Actions that improve your odds of being named
Being named in an AI Overview is not about tricking Google. It is about making the business easy to verify, current, and specific enough to match real searches. Search engine optimization (SEO) for AI answers now overlaps heavily with what's sometimes called AEO (answer engine optimization) or GEO (generative engine optimization): structuring information so an AI model can lift it cleanly into a direct answer.
Concrete steps that make a measurable difference:
- Keep your Google Business Profile complete: accurate hours, current phone number, correct address, and services listed by name rather than generic category.
- Add photos regularly, especially of treatment rooms, staff, and specific services, since fresher visual content signals an active, real business.
- Encourage reviews that mention specific treatments and outcomes ("relief from chronic back pain after a 90-minute deep tissue session") rather than generic praise, since specific language matches specific searches.
- Respond to reviews, including negative ones, since response activity is part of what signals an actively managed profile.

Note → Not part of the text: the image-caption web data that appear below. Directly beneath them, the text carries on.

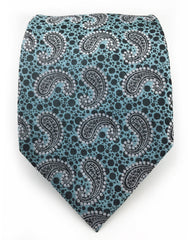 Aqua & Black Paisley Men's Tie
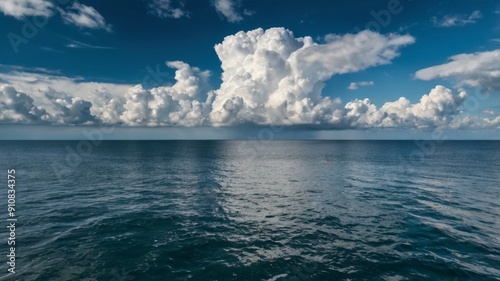 Calm weather on sea or ocean with clouds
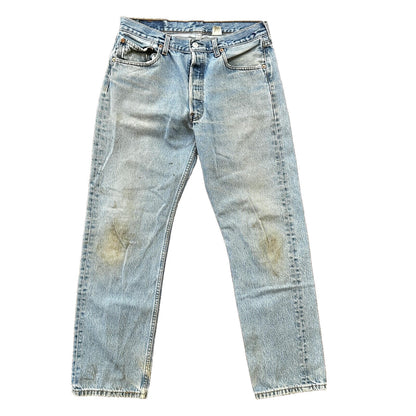 Levis 501 Vintage 90s Straight Leg XX Columbia Jeans 33x30 Light Wash Act 30x29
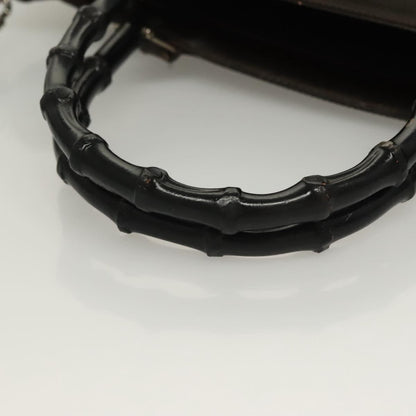 Gucci Vintage Bamboo Handle Bag Nylon, BROWN, NYLON, Handbag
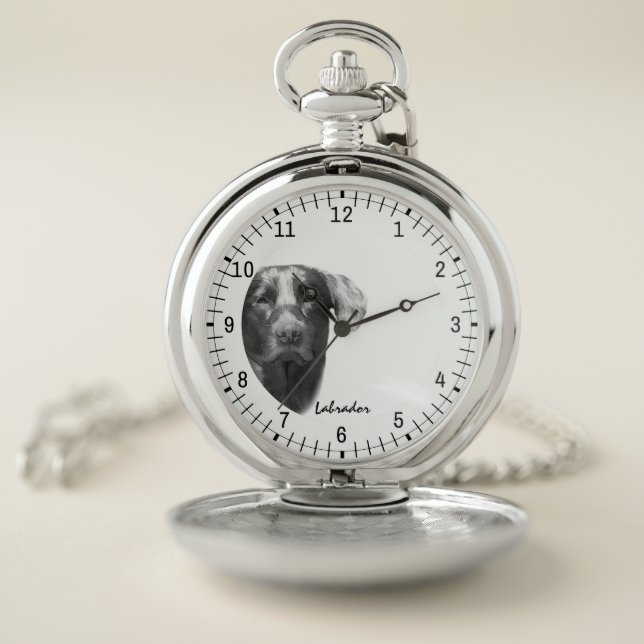 Labrador Dog elegant Pocket Watch (Inside)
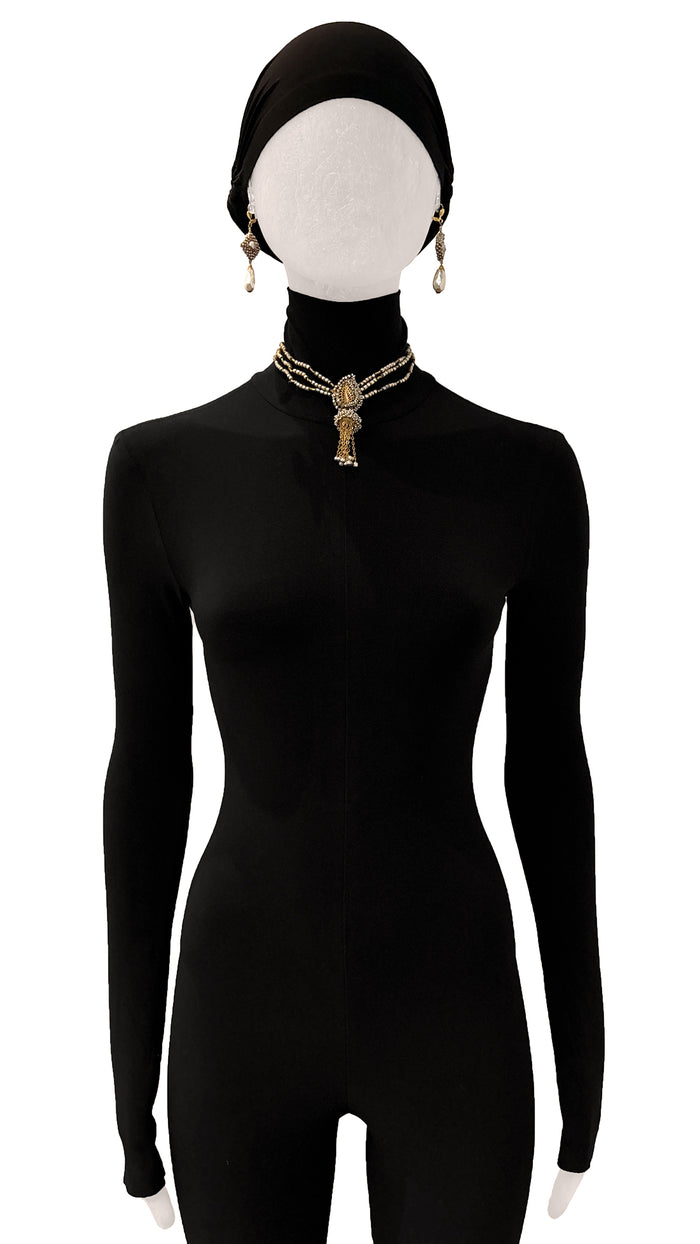 norma kamali MIRIAM HASKELL BEADED EARRINGS AND DROP NECKLACE SET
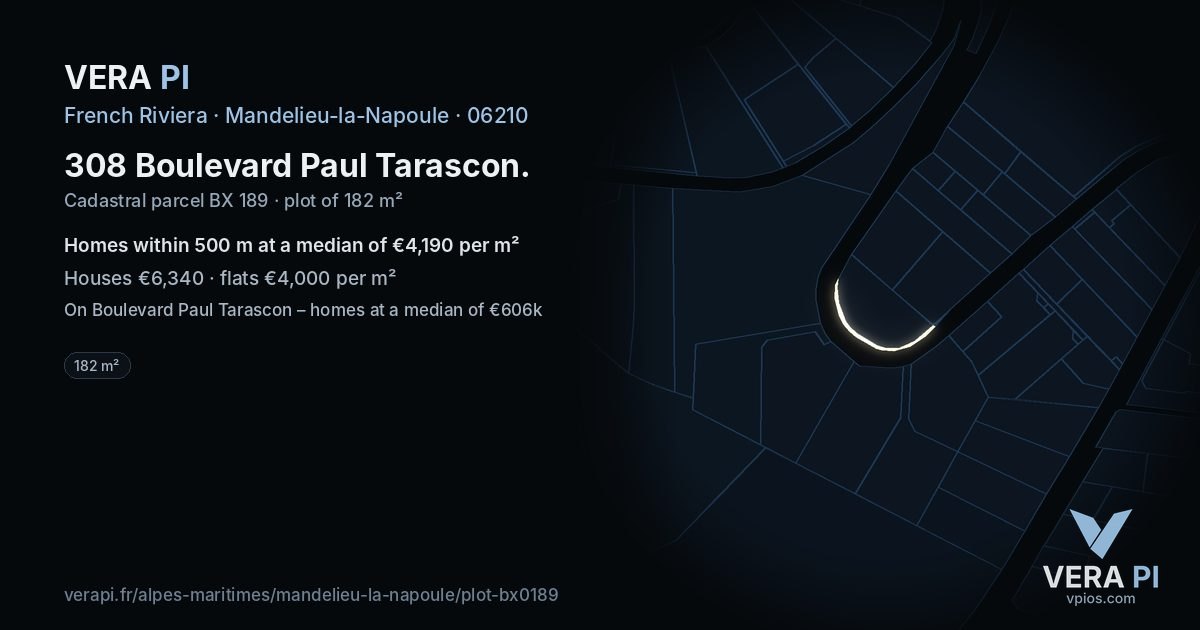308 Boulevard Paul Tarascon, Mandelieu-la-Napoule at night – the plot lit, the parcels around coloured by the prices near them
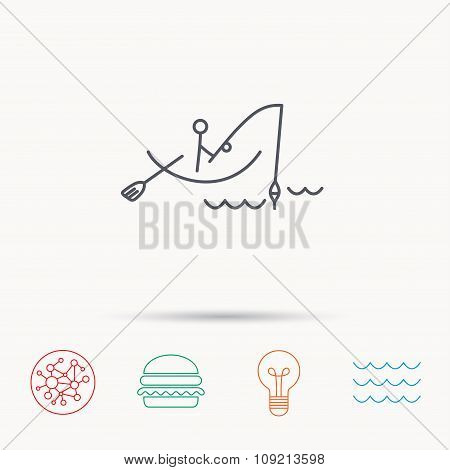 Fishing icon. Fisherman on boat sign.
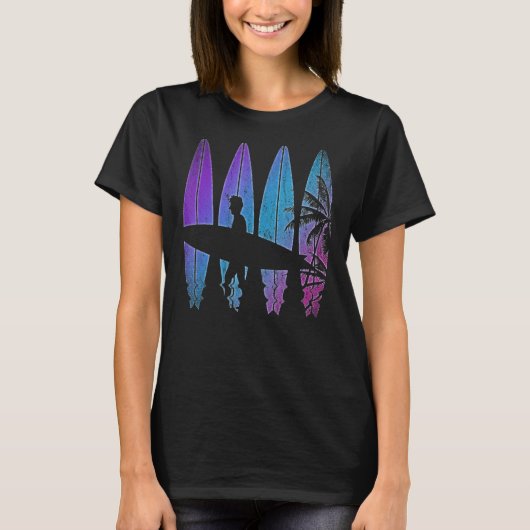 Surfboard Synthwave Surfer Vaporwave Palmen Tree u T-Shirt (Vorderseite)
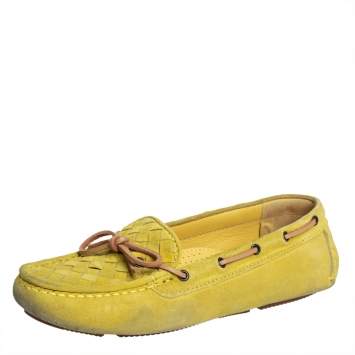 Pre Owned Bottega Veneta Yellow Intrecciato Suede Bow Slip On Loafers Sizs 36.5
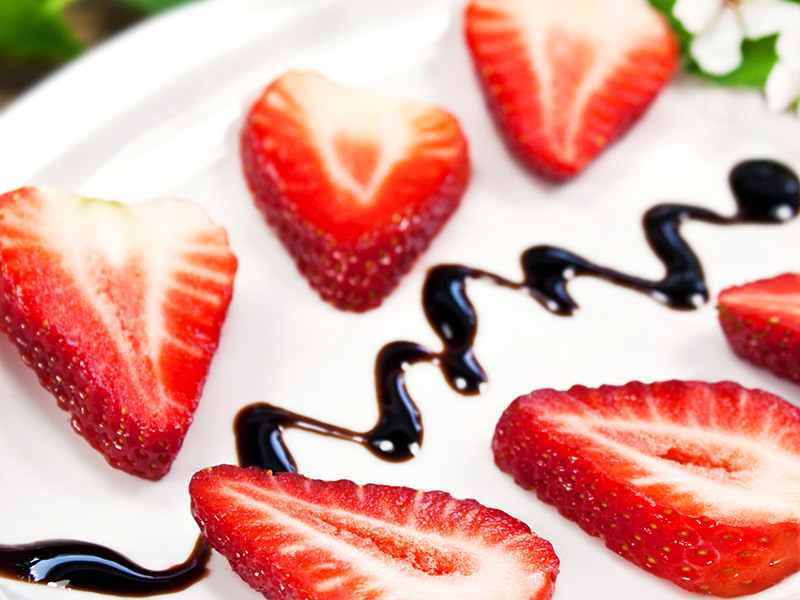 Strawberries with Balsamic Reduction, a healthy dessert recipe from Dr. Gourmet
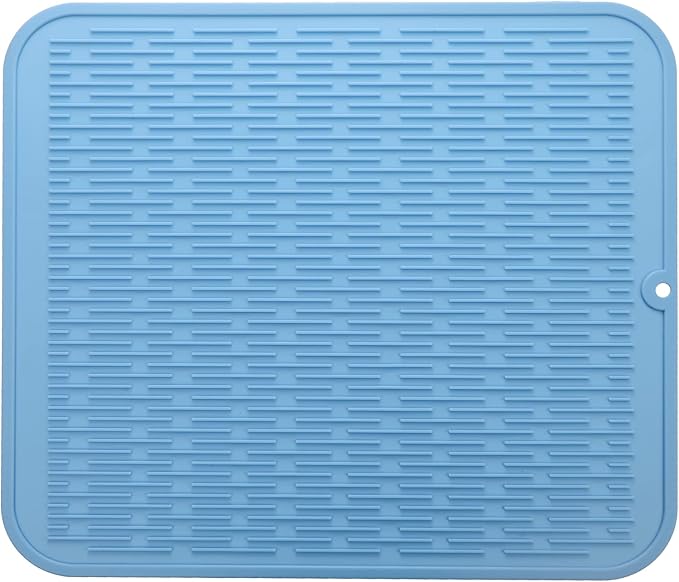 Silicone Dish Drying Mat for Multiple Usage,Easy clean,Eco-friendly,Heat-resistant Silicone Mat for Kitchen Counter or Sink,Refrigerator or Drawer Liner Light Blue 2XL 24 inches x 18 inches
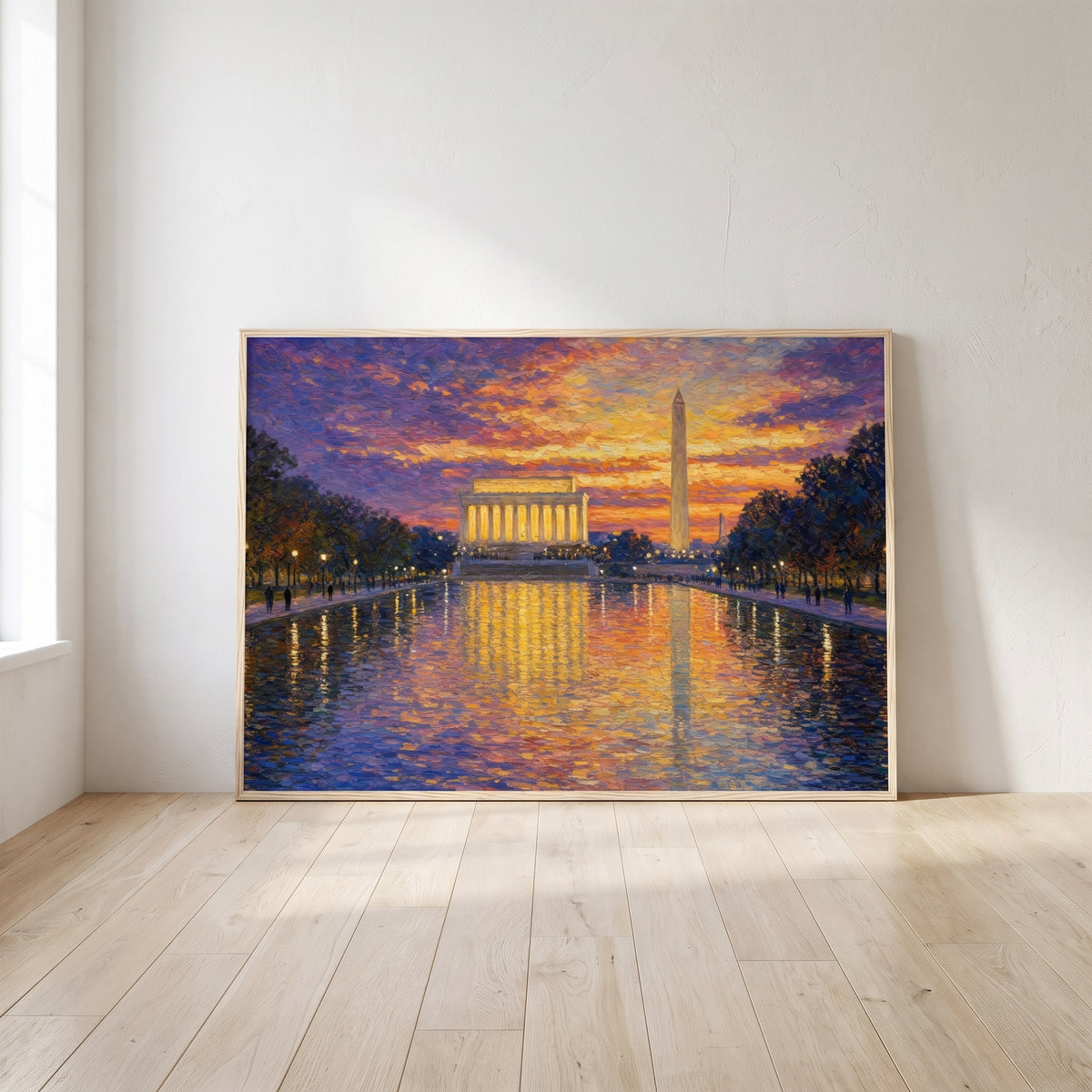 Reflections on a Nation framed print leaning against a wall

- Use schema markup on your website: structured code embedded in your site's HTML that tells search engines exactly what a page is about (a service, a price, a location) in a format machines can read directly, without guessing from prose.
- State your service area and specialties in plain language on your site's homepage and service pages, not just in your business profile, so both sources agree.
None of these steps guarantee a mention in any specific AI Overview, since Google does not publish the exact weighting of these signals. But they consistently increase the amount of clear, current, and specific information available for the AI Overview to draw from, which is the only lever a business owner actually controls.
How to check your own progress without waiting on anyone's report
Search your own business by name and by service type ("massage near me," "day spa in your city") from a device not logged into your business accounts, ideally in an incognito or private browser window, and note whether an AI Overview appears and whether it names you. Do this once a week rather than once a month, since AI Overview results can shift faster than traditional rankings.
Check your Google Business Profile dashboard directly for the number and recency of reviews, and read a sample of new reviews for whether they mention specific treatments by name. Compare your listed services and service area against what competitors list, since gaps in specificity are usually visible just by looking. This kind of direct spot-check, done consistently, tells you more about real progress than any summary someone else hands you.